- [REQUIRED ACTION]:
Here, the job is to give back every entry below unchanged, omitting pictures.

══ AVAILABLE RECORDS

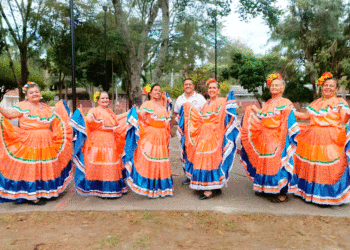 Sol Naciente: Grupo de Danzas de Adultas Mayores Representa a Tuluá y al Valle en Concurso Nacional de Boyacá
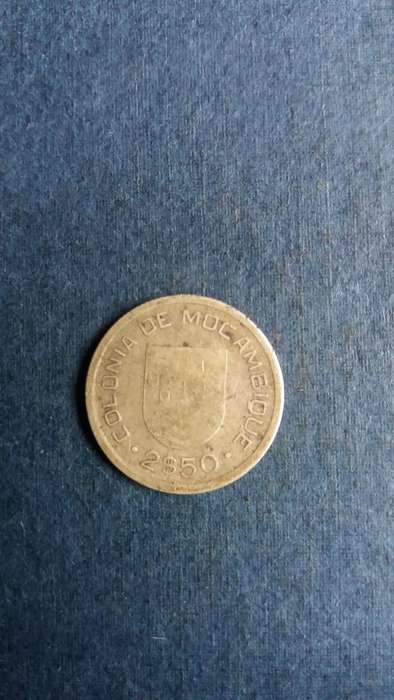 Mozambique 1935 2.5 Escudos - Mintage 1 200 000 * Silver 65 %*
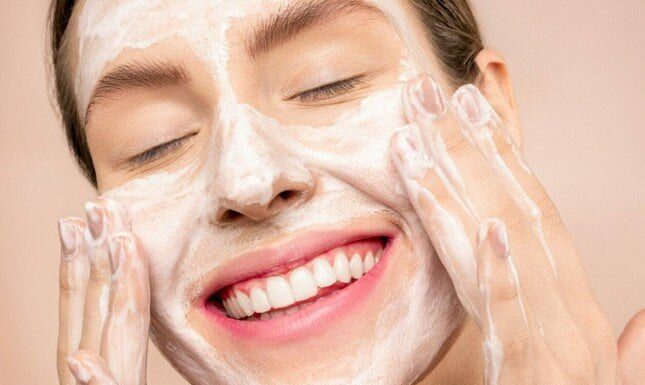 6 Skin Care Blunders That Are Making You Break Out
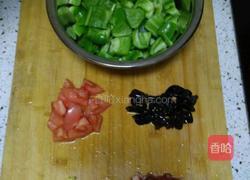 菜椒炒肉的做法图解1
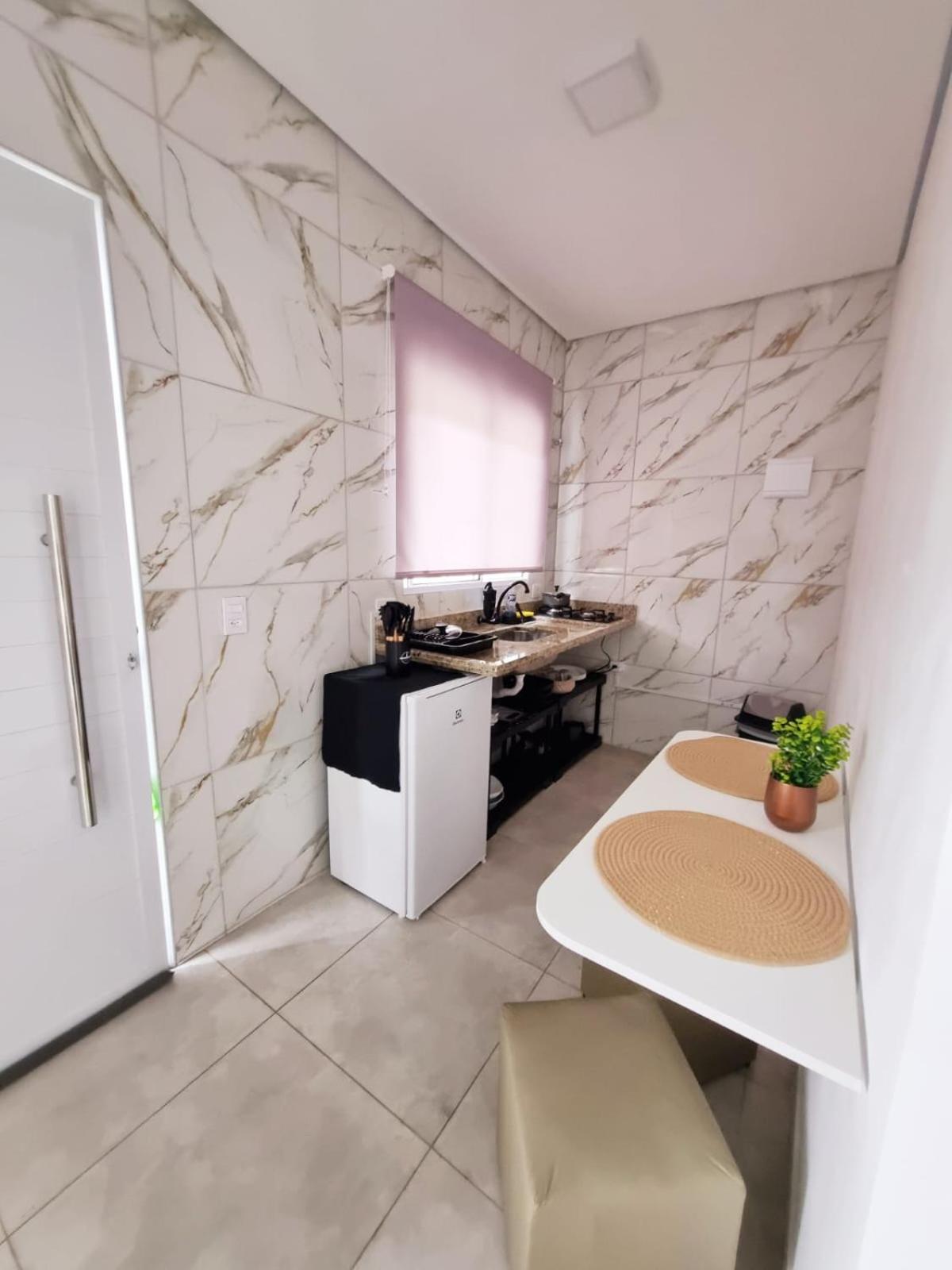 Pousada Recanto Dos Mares-Chales E Suites-Proximo Do Sesc Bertioga-Sp Εξωτερικό φωτογραφία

════

- [ANSWER SPACE]:
 Sol Naciente: Grupo de Danzas de Adultas Mayores Representa a Tuluá y al Valle en Concurso Nacional de Boyacá
 Mozambique 1935 2.5 Escudos - Mintage 1 200 000 * Silver 65 %*
 6 Skin Care Blunders That Are Making You Break Out
 菜椒炒肉的做法图解1
 Pousada Recanto Dos Mares-Chales E Suites-Proximo Do Sesc Bertioga-Sp Εξωτερικό φωτογραφία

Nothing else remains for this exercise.